Visually, Martha dominates her book cover while there is only a small photo of Julia in the upper right hand corner of her cover. In terms of the titles themselves, Martha's book is more adamantly "Martha"-focused. It is Martha Stewart's Cooking School... and no one else's!! Julia's book is more inviting. You can open it and cook with Julia. She is not standing above you in judgment, but in the kitchen by your side... as a friend with clear, logical instructions.

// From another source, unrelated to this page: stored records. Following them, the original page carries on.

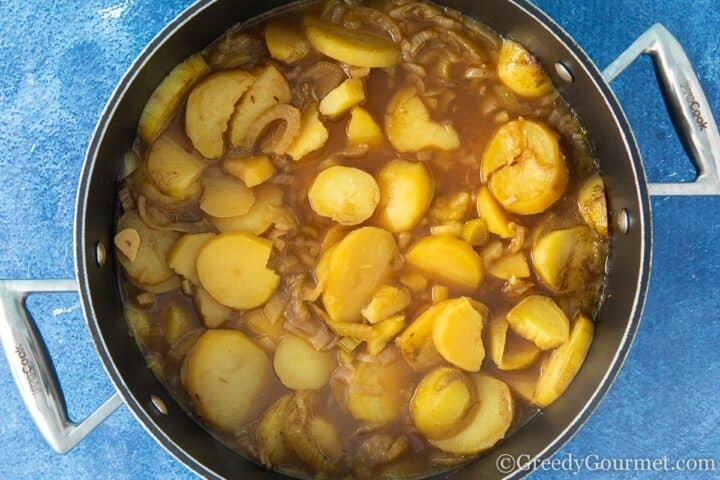 Potato fennel soup cooked in a cooking pot.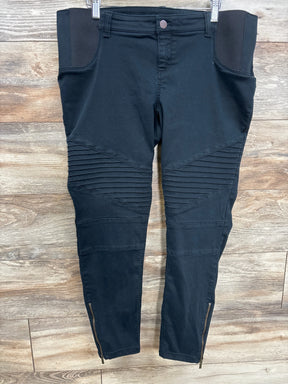 Black moto-style maternity pants with ribbed knee panels and ankle zippers, flat lay on wood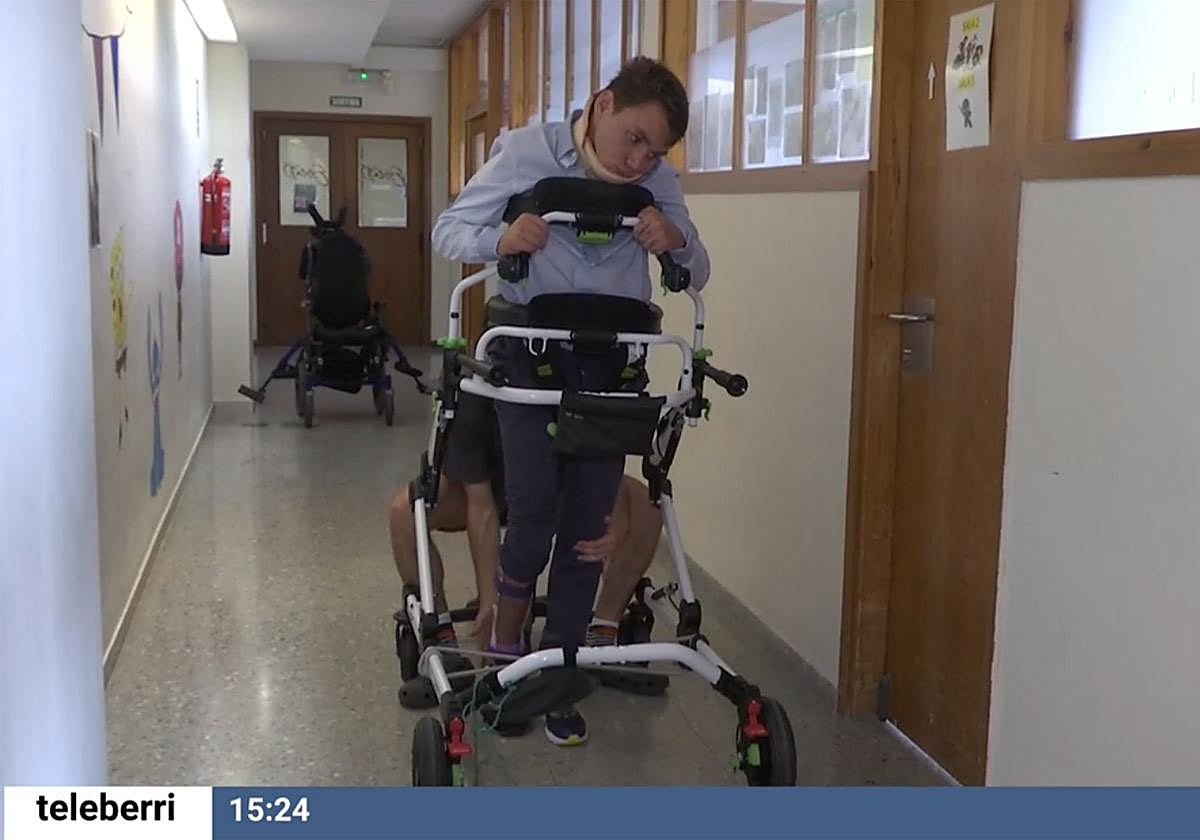 Alex se ayuda de un andador para mantenerse en pie durante su recuperación.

Julia had a risque and racy sense of humor. She mocked an assistant producer on Good Morning America for his failed pronunciation of croque-monsieur: "in her loudest voice, she said, 'No it's not cock-monsieur, it's croque-monsieur!'" (Jacques Pepin, "My Friend Julia Child," Gastronomica, p. 13) She swore often and could be heard nonstop making comments such as "Jacques, I have a nice piece of tail for you," (Pepin, p. 12) when Pepin and Julia were showing how to remove lobster meat in one of their shows. She was unafraid to be herself, even when that self was entirely imperfect, full of foibles, and inelegance. But that was what made her endearing. Martha is not endearing. Martha will never reveal to us who she really is... and it is questionable if she even knows any more having wrapped her brand and herself so tightly together. In the end, Julia trusted and invited us to share with her; Martha refused to trust, refuses to give up power, and thus will never reach the legendary status of Julia. Perhaps both Julia and Martha exhibit and embody a particular side of our national identity. As Sarah Radcliffe writes in her article "Embodying National Identities," (Transactions of the Institute of British Geographers, 1999, p. 214): "National representations are performed through public spectacle, each nation having its own genealogy of performance." Ultimately, it is the flawed nature, the unaffected presentation, and childlike infectiousness of Julia's performance that transcends and spellbinds. Martha is powerful, but is this enough? Do we really want to buy into a national icon that pole dances for attention? Perhaps more importantly, all in all, I don't know if I've ever seen Martha smile... genuinely.